View larger version (26K): [in this window] [in a new window]   FIG. 1.   The SH2 domain of SH2-B is not required for the interaction of SH2-B with non-tyrosyl-phosphorylated JAK2. 3T3-F442A cells were stimulated with 500 ng of human GH per ml for 10 min. (A) Cell lysates were incubated with GST or GST fusion protein containing SH2-B (GST-WT), SH2-B(R555E) (GST-R555E), or N504 (GST-N504), as indicated. The precipitated proteins were immunoblotted (IB) with JAK2. The amount of GST-SH2-B(R555E) used was three times that of GST-SH2-B. (B) Proteins in lysates of cells treated with (lane 2) or without (lane 1) human GH were immunoprecipitated (IP) with SH2-B and immunoblotted with JAK2 (top). The blot was reprobed with SH2-B (bottom).

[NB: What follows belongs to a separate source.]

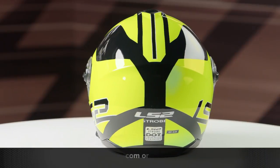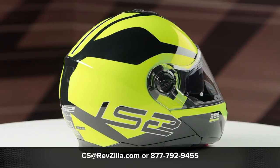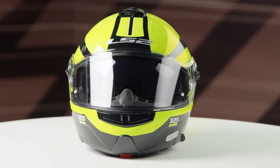A clear face shield is included in the box. If you want to learn more about the LS2 Strobe, click the info button, head over to revzilla.com, and once you're there you can watch the detailed breakdown video where we rip apart the helmet to give you all the fun facts.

View larger version (46K): [in this window] [in a new window]   FIG. 2.   SH2-B binds more strongly to wild-type, tyrosyl-phosphorylated JAK2 than to kinase-inactive, non-tyrosyl-phosphorylated JAK2(K882E). COS cells were cotransfected transiently with plasmid (5 µg) encoding either JAK2 (WT) or kinase-inactive JAK2(K882E) (K-E) and plasmid (5 µg) encoding either Myc-tagged SH2-B (WT) or SH2-B(R555E) (R555E). Proteins in cell lysates were immunoprecipitated (IP) with SH2-B and immunoblotted (IB) with JAK2 (top) or SH2-B (bottom).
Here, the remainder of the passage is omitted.